BEGIN Extracted material

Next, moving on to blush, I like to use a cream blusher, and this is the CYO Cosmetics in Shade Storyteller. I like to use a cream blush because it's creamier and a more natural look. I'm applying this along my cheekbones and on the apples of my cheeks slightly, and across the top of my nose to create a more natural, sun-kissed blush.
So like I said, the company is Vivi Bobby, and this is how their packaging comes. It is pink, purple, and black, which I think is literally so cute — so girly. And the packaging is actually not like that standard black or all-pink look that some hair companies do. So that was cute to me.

END Extracted material
BEGIN Extracted material

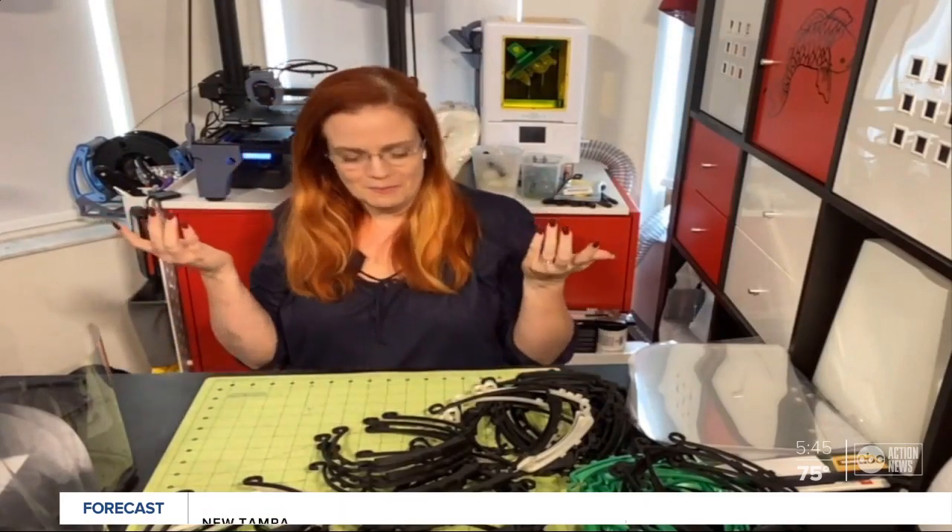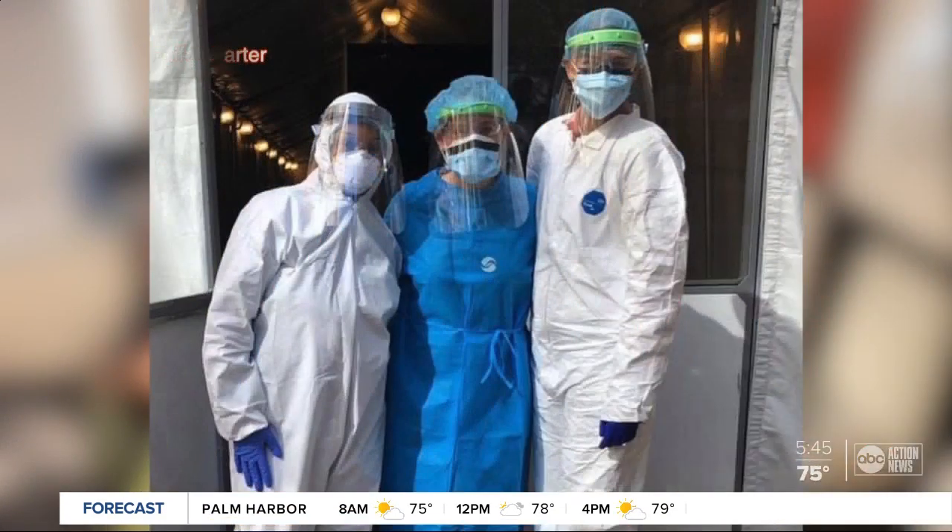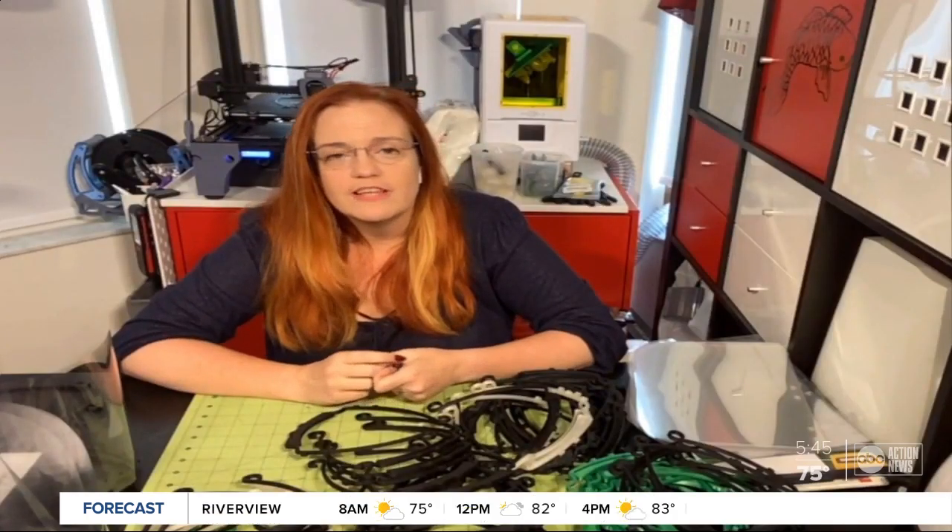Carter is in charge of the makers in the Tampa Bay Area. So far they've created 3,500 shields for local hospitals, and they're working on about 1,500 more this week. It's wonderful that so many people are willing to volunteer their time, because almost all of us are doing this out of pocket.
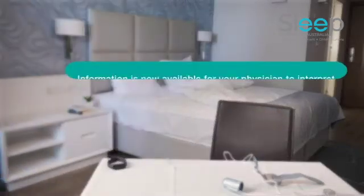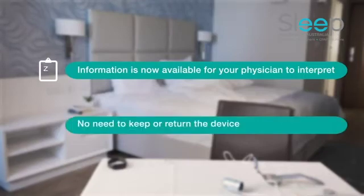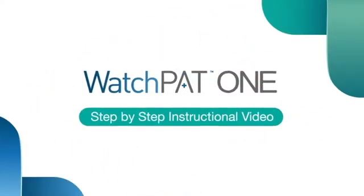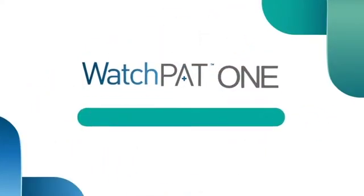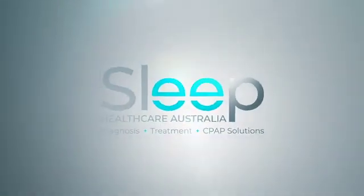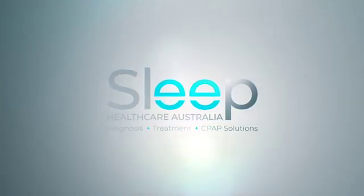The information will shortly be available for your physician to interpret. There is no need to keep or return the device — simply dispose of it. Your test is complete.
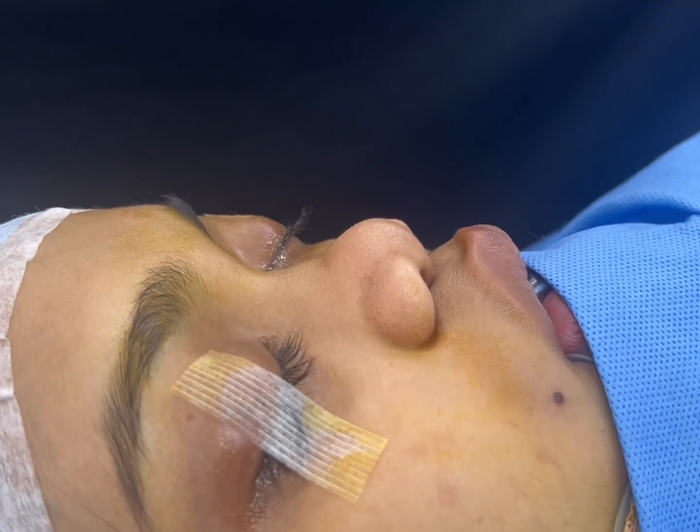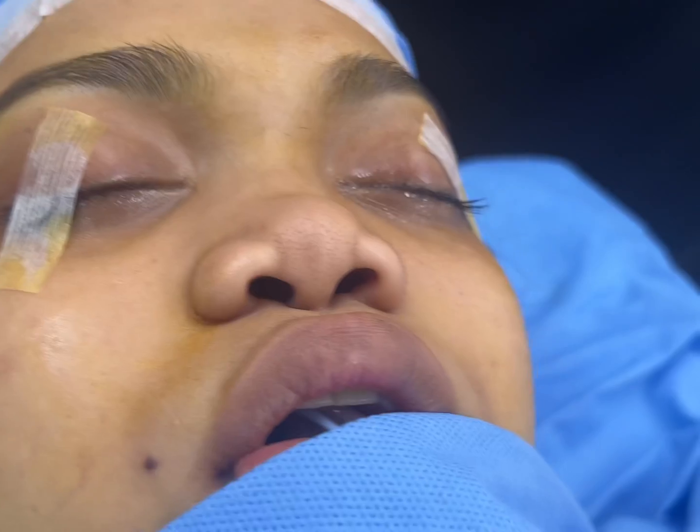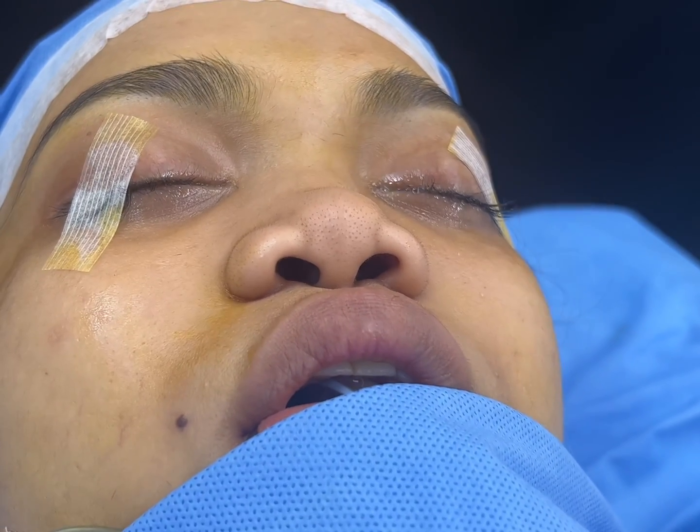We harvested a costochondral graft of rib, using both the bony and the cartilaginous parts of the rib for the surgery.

END Extracted material

## What the exercise asks
Look for the word "like" in the listing above, and copy every line where you find it.

## Result of the task
Next, moving on to blush, I like to use a cream blusher, and this is the CYO Cosmetics in Shade Storyteller. I like to use a cream blush because it's creamier and a more natural look. I'm applying this along my cheekbones and on the apples of my cheeks slightly, and across the top of my nose to create a more natural, sun-kissed blush.
So like I said, the company is Vivi Bobby, and this is how their packaging comes. It is pink, purple, and black, which I think is literally so cute — so girly. And the packaging is actually not like that standard black or all-pink look that some hair companies do. So that was cute to me.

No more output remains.